Florida residents desperate for some good news as Hurricane Irma bore down on the state received a glimmer of hope Saturday when the National Weather Service announced that Irma’s brush with Cuba had weakened the storm.
Irma, which was packing winds of 155 mph before it sliced into Cuba, now has top winds of up to about 130 mph, the NWS said.
However, it also said that the storm might only have weakened temporarily, and that it could regain its punch as it crosses the warm waters between Cuba and the southern tip of Florida and hits the U.S. as a Category 4 hurricane.
***THIS IS AS REAL AS IT GETS***
***NOWHERE IN THE FLORIDA KEYS WILL BE SAFE***
***YOU STILL HAVE TIME TO EVACUATE***
— NWS Key West (@NWSKeyWest) September 8, 2017
Although the eye of the storm is expected to make landfall Sunday, high winds reached the Florida coast on Saturday.

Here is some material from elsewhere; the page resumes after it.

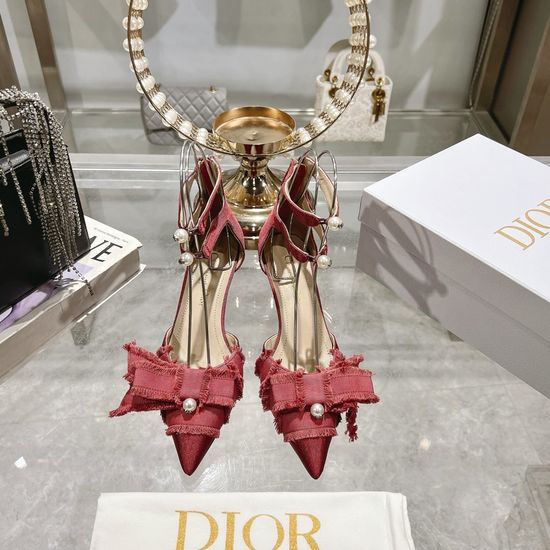 Christian Dior Tassel Bow Stiletto Peep Toe Hollow Out Formal Sandals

“The storm is here,” Gov. Rick Scott said Saturday morning, saying that 25,000 people had already lost power.
Scott warned that the storm surge could reach 12 feet in some places.
“This will cover your house,” he said. “You will not survive all this storm surge.”

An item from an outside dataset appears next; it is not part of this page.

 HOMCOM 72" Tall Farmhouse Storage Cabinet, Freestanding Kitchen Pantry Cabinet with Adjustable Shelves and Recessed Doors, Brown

In a mixed message for Florida residents, forecasters changed their predictions of where the hurricane is likely to strike land, moving the most likely landfall area from the southeastern coast near Miami, where evacuation efforts had been focused for the past few days, to the west coat.
Naples and Fort Myers were under high alert, while Tampa, farther to the north, remained a possible target of Irma’s landfall.
National Hurricane Center spokesman Dennis Feltgen said a direct hit into the Tampa region, which hasn’t experienced a major hurricane since 1921, is a concern.
He said storm surge is expected to be a severe problem.
WTSP meteorologist Grant Gilmore said Tampa is likely to face winds of up to 120 mph. He said the storm surge in Tampa Bay could be as high as nine feet in some areas.
Although current projections make it appear the southeast coast will be spared the highest winds and storm surge of Irma, flooding remains a danger.
“Rainfall across the Peninsula will average 10 to 15 inches with locally higher amounts which can lead to significant flooding issues,” said AccuWeather Meteorologist Alyson Hoegg.